Hello sfepy users!
I am using sfepy to do thermal simulations of (BIG!) electric resistors.
Nothing fancy, but i would like to be able to use temperature dependent
thermal conductivities as my system gets very hot.
At the moment I am employing the Laplace weak term:
int(s * \nabla q *\nabla p)
where s is the thermal conductivity, q is the test field parameter and p is
the temperature field
What i want is for s to depend on the temperature. I wonder which strategy
to use:
1: To limit myself to a linear s, i.e. s(q)=s0+\alpha * q.
In that case i guess i can do this:
int(s(q) * \nabla q *\nabla p) = int(s0 * \nabla q *\nabla p) +
int(\alpha * q * \nabla q *\nabla p)
Unfortunately the second term is not implemented. Looking at the
source, this would be some work to implement.

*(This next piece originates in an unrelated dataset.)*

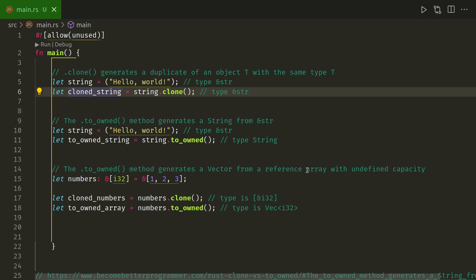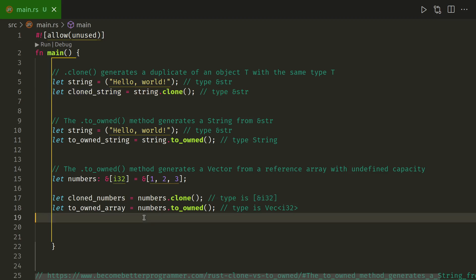You can do the same with a vector from a reference array. So here we have ampersand i32, and the cloned version will keep the same type, so it'll still be ampersand i32.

2: To iterate and after each iteration assign new values of s at each
point. This would not be a big deal when doing
time dependent simulations, but steady-state would be much slower to
calculate I guess? An added plus would be
that arbitrary c(q) could be used.
3: Ask for help here, and go "Ahhh! Of course!", when you state the
obvious, easily implementable and fantastic solution.
I have only used sfepy for about a week, and this is the first time i am
messing around with weak formulation FEM, so this
question might be really silly, but I ask anyway: Is the strategy above
completely crazy or am I on the right track?